* Records for this exercise:
######

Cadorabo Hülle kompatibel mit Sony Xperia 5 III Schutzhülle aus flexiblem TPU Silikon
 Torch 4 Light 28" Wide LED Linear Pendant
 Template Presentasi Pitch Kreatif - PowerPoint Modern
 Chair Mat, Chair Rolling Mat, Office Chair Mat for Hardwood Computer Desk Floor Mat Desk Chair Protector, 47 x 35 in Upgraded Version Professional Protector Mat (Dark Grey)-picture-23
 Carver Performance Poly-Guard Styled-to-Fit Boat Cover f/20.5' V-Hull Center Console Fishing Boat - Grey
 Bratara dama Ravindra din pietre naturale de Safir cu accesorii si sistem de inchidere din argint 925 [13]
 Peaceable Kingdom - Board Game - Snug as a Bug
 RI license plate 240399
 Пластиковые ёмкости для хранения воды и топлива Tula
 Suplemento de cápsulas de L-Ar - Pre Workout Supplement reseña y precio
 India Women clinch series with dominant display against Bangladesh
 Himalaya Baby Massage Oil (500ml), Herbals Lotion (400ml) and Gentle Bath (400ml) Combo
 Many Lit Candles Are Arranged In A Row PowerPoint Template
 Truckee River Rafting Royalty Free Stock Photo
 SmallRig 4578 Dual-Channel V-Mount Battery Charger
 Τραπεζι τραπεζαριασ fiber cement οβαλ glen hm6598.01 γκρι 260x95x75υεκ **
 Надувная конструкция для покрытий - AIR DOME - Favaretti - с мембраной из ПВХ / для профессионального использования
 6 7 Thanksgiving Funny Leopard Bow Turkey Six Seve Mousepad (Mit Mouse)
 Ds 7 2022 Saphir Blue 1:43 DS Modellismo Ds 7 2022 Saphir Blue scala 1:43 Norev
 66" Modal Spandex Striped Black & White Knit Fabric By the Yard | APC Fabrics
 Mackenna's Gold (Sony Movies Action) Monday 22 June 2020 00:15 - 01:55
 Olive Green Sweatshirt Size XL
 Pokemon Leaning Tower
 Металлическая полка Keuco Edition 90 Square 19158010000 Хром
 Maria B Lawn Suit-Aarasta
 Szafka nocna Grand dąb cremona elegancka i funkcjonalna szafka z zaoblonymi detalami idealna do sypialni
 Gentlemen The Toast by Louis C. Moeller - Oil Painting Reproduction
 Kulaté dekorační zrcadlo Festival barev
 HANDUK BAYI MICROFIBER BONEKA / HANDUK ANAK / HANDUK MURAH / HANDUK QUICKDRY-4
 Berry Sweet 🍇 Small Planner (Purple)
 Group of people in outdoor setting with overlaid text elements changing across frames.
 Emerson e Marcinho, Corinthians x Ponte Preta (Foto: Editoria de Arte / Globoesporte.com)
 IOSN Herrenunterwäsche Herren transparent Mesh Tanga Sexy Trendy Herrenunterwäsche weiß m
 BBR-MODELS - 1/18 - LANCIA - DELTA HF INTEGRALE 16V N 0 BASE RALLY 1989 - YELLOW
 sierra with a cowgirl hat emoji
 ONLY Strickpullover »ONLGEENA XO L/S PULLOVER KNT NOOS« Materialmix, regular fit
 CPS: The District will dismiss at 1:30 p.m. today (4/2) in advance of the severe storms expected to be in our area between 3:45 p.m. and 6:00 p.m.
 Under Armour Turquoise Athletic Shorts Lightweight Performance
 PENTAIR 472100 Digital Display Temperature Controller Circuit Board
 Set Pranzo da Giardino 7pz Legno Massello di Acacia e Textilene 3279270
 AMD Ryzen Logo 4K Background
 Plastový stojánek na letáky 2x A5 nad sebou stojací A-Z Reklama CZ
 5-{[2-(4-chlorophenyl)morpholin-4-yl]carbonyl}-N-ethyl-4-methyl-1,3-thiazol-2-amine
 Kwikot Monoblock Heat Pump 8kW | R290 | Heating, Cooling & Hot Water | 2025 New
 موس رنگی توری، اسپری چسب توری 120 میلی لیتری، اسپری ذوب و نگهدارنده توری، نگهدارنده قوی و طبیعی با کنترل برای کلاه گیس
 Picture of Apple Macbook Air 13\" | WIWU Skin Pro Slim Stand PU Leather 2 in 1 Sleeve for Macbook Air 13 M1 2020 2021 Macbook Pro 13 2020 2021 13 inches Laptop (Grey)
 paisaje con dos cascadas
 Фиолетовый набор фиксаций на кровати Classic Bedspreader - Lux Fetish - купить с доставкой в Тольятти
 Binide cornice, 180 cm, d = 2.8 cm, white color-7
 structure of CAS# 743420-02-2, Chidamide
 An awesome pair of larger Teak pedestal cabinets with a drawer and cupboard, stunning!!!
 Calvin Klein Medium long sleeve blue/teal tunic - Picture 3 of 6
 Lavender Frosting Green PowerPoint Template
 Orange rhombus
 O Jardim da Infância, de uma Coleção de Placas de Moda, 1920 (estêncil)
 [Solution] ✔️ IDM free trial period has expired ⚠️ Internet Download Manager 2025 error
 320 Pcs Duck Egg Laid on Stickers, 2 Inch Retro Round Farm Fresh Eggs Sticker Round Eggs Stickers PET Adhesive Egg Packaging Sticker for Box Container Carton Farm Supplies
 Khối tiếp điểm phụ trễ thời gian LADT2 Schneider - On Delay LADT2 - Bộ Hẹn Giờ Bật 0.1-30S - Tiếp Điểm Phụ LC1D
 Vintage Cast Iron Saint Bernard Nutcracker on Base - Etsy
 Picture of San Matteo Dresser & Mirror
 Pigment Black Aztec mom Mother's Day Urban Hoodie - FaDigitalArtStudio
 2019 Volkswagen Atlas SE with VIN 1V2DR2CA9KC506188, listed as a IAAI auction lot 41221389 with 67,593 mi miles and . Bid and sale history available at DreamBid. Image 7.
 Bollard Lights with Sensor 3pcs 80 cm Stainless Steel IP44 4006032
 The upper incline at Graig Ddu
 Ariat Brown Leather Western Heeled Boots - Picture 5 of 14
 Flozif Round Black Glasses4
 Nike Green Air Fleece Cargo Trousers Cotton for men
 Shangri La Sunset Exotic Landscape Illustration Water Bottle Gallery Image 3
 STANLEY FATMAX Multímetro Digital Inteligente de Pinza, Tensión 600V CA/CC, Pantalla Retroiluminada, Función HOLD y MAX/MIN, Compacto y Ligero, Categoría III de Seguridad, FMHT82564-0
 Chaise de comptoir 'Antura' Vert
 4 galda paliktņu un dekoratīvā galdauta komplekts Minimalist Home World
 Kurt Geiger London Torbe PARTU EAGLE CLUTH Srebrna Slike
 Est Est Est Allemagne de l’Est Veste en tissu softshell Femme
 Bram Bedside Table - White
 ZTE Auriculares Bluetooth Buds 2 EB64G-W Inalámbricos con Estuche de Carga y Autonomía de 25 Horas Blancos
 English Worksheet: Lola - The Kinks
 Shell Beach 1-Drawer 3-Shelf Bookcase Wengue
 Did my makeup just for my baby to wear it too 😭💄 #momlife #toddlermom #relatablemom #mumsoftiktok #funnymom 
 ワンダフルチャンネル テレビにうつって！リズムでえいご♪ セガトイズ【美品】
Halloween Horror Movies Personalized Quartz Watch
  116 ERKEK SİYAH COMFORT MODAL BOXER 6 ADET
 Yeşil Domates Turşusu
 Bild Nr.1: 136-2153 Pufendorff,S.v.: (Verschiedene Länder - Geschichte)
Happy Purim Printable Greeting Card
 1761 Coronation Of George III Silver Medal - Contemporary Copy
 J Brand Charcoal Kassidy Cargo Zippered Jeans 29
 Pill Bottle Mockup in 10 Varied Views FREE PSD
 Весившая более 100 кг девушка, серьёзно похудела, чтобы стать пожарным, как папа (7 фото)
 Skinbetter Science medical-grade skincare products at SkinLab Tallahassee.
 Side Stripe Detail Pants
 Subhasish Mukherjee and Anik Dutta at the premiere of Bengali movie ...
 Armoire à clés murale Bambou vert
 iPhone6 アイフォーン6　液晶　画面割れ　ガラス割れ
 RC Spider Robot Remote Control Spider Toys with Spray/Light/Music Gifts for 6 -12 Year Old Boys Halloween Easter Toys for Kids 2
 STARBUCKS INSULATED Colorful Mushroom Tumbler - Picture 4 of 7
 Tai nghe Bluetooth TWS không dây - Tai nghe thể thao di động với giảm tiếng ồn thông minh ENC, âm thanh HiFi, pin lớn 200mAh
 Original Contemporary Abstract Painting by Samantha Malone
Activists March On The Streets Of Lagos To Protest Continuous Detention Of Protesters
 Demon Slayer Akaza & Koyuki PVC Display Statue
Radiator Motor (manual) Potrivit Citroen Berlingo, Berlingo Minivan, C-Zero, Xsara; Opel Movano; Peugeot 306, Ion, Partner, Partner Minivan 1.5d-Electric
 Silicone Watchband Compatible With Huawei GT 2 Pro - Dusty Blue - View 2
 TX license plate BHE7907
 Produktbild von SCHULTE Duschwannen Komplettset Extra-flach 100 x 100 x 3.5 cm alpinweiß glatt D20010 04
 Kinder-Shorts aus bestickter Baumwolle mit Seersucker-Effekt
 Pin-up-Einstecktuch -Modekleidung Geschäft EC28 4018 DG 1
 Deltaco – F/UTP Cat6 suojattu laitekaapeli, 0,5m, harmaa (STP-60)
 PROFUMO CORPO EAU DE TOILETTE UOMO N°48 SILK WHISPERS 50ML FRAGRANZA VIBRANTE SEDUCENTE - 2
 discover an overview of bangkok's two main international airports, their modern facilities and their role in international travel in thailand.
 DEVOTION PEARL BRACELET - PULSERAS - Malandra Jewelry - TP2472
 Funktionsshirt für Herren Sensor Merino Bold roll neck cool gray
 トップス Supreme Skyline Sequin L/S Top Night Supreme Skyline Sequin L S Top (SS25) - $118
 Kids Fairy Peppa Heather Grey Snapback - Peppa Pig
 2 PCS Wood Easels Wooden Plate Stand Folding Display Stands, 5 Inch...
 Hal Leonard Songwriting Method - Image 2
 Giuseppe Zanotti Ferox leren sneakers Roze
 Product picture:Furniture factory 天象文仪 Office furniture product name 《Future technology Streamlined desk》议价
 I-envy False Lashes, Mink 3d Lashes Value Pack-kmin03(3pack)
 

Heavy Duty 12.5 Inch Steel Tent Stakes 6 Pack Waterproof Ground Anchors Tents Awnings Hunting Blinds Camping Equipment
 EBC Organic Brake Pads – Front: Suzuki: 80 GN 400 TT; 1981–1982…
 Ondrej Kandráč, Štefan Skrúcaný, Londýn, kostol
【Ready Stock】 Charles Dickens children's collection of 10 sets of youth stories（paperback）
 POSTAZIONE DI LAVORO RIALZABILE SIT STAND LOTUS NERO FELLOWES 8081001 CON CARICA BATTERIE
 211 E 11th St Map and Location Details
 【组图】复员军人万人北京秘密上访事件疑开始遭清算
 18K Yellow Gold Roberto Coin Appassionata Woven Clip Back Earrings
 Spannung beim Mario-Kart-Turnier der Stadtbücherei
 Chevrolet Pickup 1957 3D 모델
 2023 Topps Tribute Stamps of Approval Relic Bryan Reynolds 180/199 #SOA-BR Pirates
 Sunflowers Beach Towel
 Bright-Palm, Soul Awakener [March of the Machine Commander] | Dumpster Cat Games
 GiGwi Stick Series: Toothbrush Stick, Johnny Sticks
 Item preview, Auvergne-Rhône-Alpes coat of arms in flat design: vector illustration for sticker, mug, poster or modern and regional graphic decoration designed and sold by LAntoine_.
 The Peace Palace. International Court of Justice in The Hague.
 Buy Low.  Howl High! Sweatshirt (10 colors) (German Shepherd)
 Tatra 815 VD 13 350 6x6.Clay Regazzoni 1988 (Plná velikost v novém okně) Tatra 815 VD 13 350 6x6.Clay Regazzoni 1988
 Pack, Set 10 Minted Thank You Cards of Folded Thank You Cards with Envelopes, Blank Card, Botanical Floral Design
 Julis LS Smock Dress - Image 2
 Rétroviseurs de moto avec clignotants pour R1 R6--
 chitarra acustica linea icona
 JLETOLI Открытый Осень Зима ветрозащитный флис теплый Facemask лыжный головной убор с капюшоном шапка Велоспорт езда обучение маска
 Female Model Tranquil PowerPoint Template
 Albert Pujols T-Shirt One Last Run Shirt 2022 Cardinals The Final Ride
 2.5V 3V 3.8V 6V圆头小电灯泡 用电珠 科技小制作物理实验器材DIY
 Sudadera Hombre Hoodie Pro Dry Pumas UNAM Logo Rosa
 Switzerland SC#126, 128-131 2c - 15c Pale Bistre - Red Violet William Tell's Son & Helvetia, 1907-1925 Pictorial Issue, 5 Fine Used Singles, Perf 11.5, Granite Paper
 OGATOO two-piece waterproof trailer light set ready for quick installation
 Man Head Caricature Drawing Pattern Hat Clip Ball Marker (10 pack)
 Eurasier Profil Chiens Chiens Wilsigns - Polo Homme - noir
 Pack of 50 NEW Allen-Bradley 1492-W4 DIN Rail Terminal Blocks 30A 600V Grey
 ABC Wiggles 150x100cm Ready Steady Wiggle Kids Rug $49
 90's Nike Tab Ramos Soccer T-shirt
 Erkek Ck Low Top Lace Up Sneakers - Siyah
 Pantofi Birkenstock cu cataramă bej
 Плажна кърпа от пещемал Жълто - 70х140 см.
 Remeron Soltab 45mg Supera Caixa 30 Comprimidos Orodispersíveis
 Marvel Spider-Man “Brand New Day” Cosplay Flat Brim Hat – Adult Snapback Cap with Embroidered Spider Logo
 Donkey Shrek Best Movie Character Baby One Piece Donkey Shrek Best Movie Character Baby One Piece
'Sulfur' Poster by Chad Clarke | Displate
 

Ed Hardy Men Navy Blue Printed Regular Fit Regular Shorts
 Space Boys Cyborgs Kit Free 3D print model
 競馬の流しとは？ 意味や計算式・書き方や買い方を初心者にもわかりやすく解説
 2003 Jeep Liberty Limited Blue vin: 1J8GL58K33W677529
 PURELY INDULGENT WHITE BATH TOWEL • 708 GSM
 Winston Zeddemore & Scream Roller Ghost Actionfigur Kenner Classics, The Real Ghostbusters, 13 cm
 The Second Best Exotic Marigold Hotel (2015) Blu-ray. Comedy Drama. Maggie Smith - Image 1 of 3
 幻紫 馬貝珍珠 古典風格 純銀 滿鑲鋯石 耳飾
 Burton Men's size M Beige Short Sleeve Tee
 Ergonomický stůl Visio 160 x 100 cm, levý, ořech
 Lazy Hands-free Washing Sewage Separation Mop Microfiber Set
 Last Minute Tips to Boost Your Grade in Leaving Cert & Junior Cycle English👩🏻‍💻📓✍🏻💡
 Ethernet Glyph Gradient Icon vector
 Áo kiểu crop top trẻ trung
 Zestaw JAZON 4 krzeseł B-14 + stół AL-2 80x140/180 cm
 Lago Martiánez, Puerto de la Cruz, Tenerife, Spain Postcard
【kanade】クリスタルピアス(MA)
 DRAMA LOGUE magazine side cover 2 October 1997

######

* Exercise description: Your response should contain each line of the entries above that holds the string "Cargo".

* Problem solution:
 Nike Green Air Fleece Cargo Trousers Cotton for men
 J Brand Charcoal Kassidy Cargo Zippered Jeans 29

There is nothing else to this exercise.